Once I had studied the Mishkat, I began to accept the Holy Quran as
Divine revelation. What persuaded me that the Quran must be from God and
not composed by Muhammad (PBUH) was its satisfying and convincing
answers to all the most important questions of life which I could not
find elsewhere.

As a child, I was so mortally afraid of death, particularly the thought
of my own death, that after nightmares about it, sometimes I would
awaken my parents crying in the middle of the night. When I asked them
why I had to die and what would happen to me after death, all they could
say was that I had to accept the inevitable; but that was a long way off
and because medical science was constantly advancing, perhaps I would
live to be a hundred years old! My parents, family, and all our friends
rejected as superstition any thought of the Hereafter, regarding
Judgment Day, reward in Paradise or punishment in Hell as outmoded
concepts of by-gone ages. In vain I searched all the chapters of the Old
Testament for any clear and unambiguous concept of the Hereafter. The
prophets, patriarchs and sages of the Bible all receive their rewards or
punishments in this world. Typical is the story of Job (Hazrat Ayub).
God destroyed all his loved-ones, his possessions, and afflicted him
with a loathsome disease in order to test his faith. Job plaintively
laments to God why He should make a righteous man suffer. At the end of
the story, God restores all his earthly losses but nothing is even
mentioned about any possible consequences in the Hereafter.

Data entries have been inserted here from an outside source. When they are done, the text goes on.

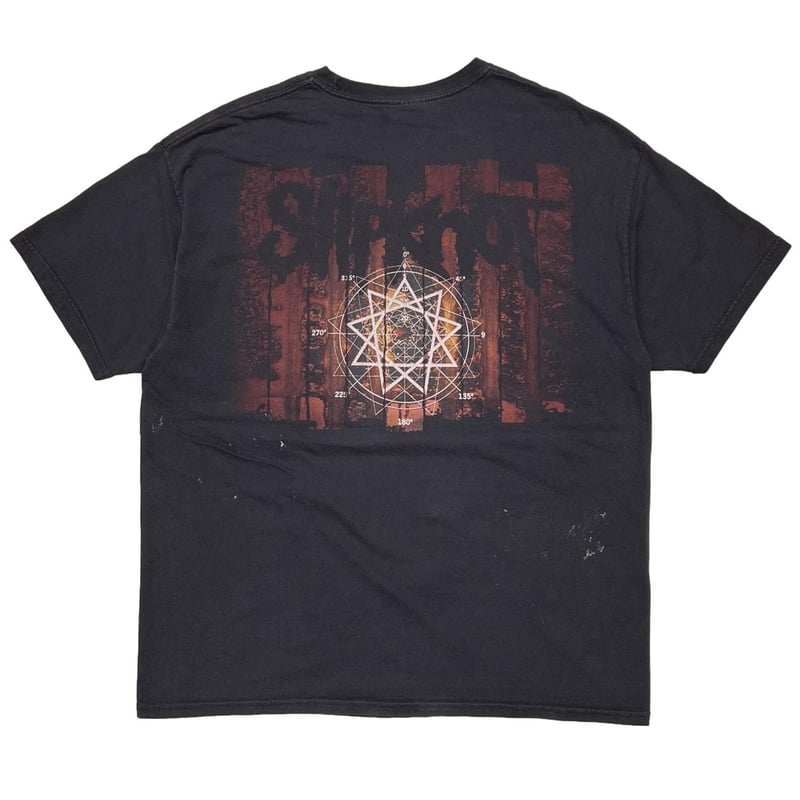 Slipknot SHAVED MASK HANES XL 6974 | greatLAnd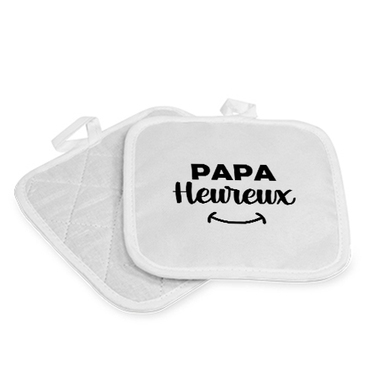 Manique papa heureux Manique papa heureux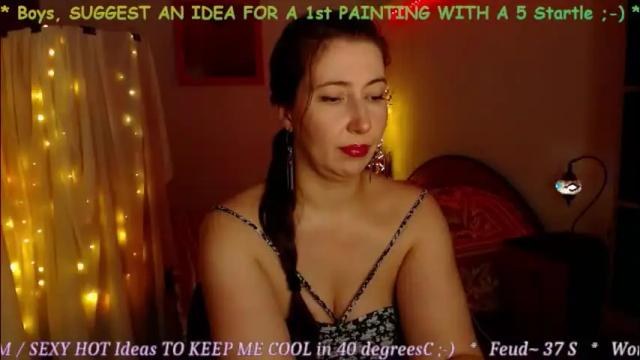 Thumbnail 1, mystydew's Stream at Chaturbate, 4 days ago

Although I did find the Hereafter mentioned in the New Testament,
compared with that of the Holy Quran, it is vague and ambiguous. I found
no answer to the question of death in Orthodox Judaism, for the Talmud
preaches that even the worst life is better than death. My parents’
philosophy was that one must avoid contemplating the thought of death
and just enjoy as best one can, the pleasures life has to offer at the
moment. According to them, the purpose of life is enjoyment and pleasure
achieved through self-expression of one’s talents, the love of family,
the congenial company of friends combined with the comfortable living
and indulgence in the variety of amusements that affluent America makes
available in such abundance. They deliberately cultivated this
superficial approach to life as if it were the guarantee for their
continued happiness and good-fortune. Through bitter experience I
discovered that self-indulgence leads only to misery and that nothing
great or even worthwhile is ever accomplished without struggle through
adversity and self-sacrifice. From my earliest childhood, I have always
wanted to accomplish important and significant things. Above all else,
before my death I wanted the assurance that I have not wasted life in
sinful deeds or worthless pursuits. All my life I have been intensely
serious-minded. I have always detested the frivolity which is the
dominant characteristic of contemporary culture. My father once
disturbed me with his unsettling conviction that there is nothing of
permanent value and because everything in this modern age accept the
present trends inevitable and adjust ourselves to them. I, however, was
thirsty to attain something that would endure forever. It was from the
Holy Quran where I learned that this aspiration was possible. No good
deed for the sake of seeking the pleasure of God is ever wasted or lost.
Even if the person concerned never achieves any worldly recognition, his
reward is certain in the Hereafter. Conversely, the Quran tells us that
those who are guided by no moral considerations other than expediency or
social conformity and crave the freedom to do as they please, no matter
how much worldly success and prosperity they attain or how keenly they
are able to relish the short span of their earthly life, will be doomed
as the losers on Judgement Day. Islam teaches us that in order to devote
our exclusive attention to fulfilling our duties to God and to our
fellow-beings, we must abandon all vain and useless activities which
distract us from this end. These teachings of the Holy Quran, made even
more explicit by Hadith, were thoroughly compatible with my temperament.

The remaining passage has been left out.